Both Apple and Hollywood could use a boost, with sales of iPods and DVDs flattening out, but iPod cinema seems rather an outside bet. Who, really, wants to watch a film on a screen the size of a matchbox? It sounds to me like a frankly unpleasant experience, but then I'm growing old and Luddite.

And looking around at young folks, they do seem to be spending an awful lot of their time squinting at titchy screens of one sort or another, whether on phones or game consoles or indeed their iPods, as they scroll through their unnecessarily vast libraries of MP3s. So perhaps the world is ready - in a way that it wasn't when pocket TVs like Sony's "Watchman" came on the market - for miniature movies.

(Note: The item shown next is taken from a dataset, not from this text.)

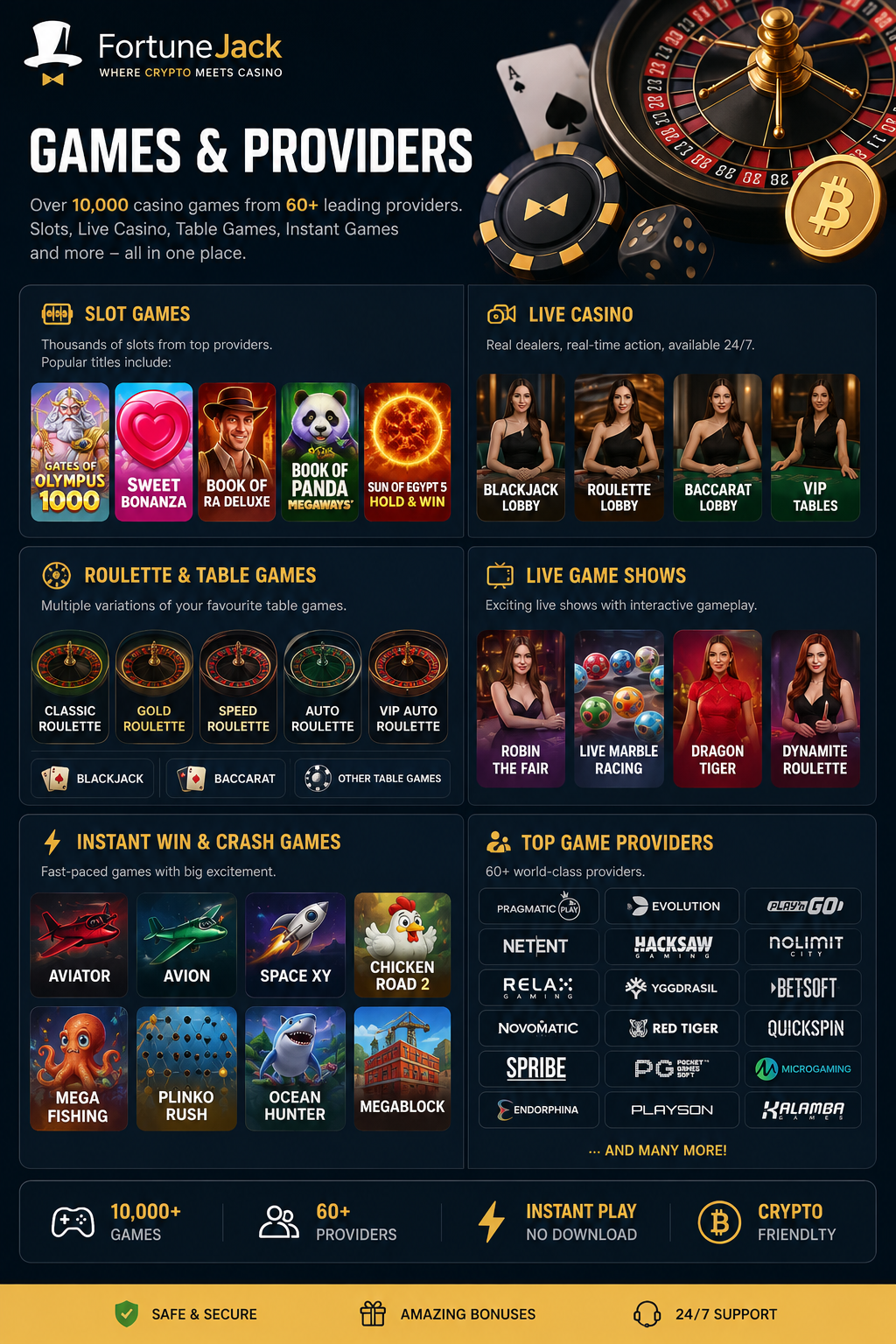 FortuneJack Canada – 10,000+ games from 60+ providers including slots, live casino and crash games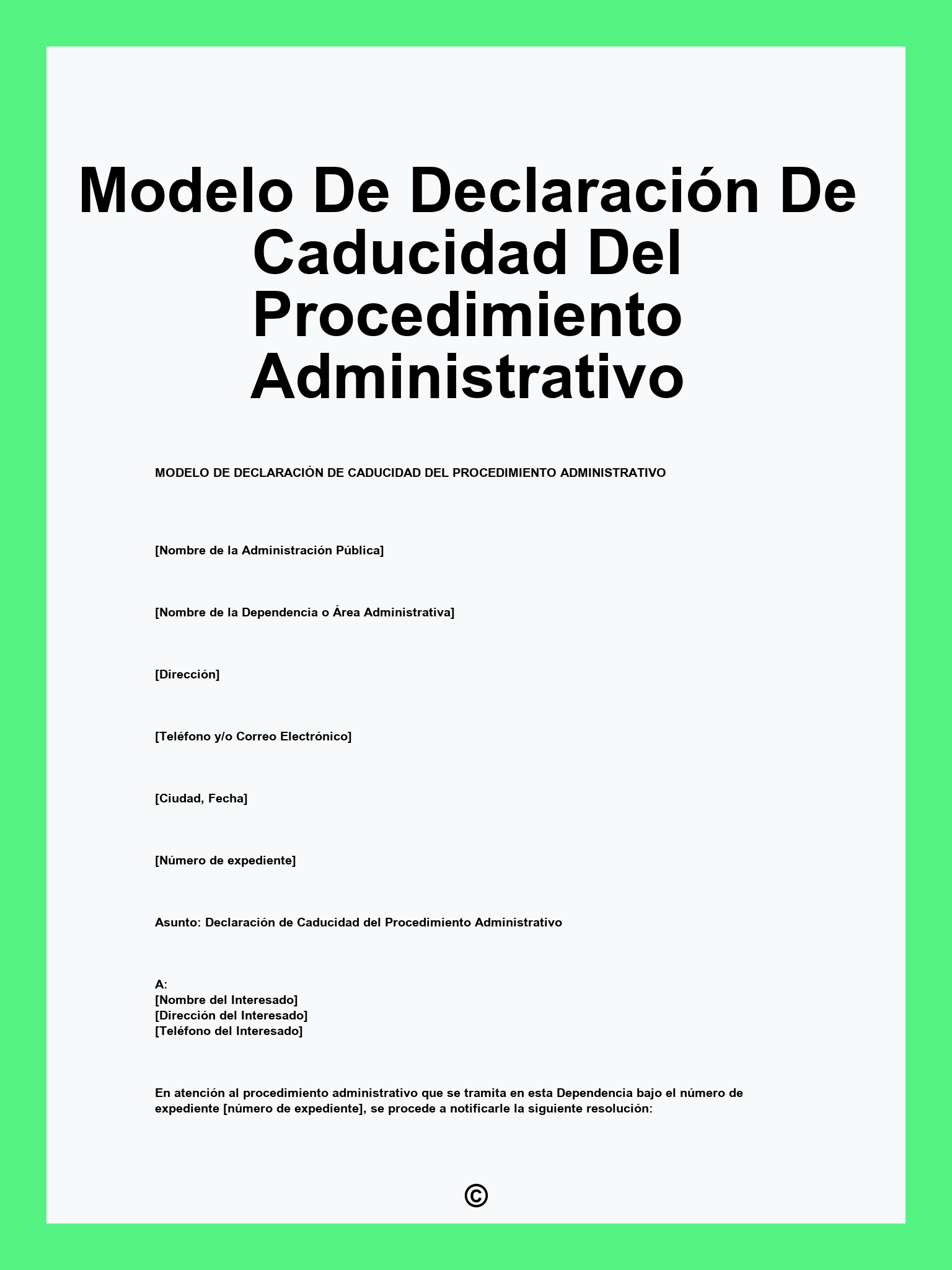Modelo De Declaración De Caducidad Del Procedimiento Administrativo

If it does catch on, presumably there'll be a knock-on reduction in the scale of "big screen" productions. There's not much point in filming a scene with thousands of extras if such epic details are going to shrink to pixel dimensions.

Other genres face similar challenges: you're going to struggle to make a thumbnail-sized King Kong or Hulk look anything other than cute. And if vulgar thrills and spills are going to lose much of their power, so is classy cinematography. And forget about arthouse fare with subtitles.

There is a small upside to this kind of future: it might just cure the studios of their attachment to supposedly spectacular explosions - which are exactly the same in every movie - if viewers can build bigger blazes by lighting matches. And while it's obviously hopeful news for Tom Cruise at a difficult time, the rest of us should probably be a little alarmed - shouldn't we?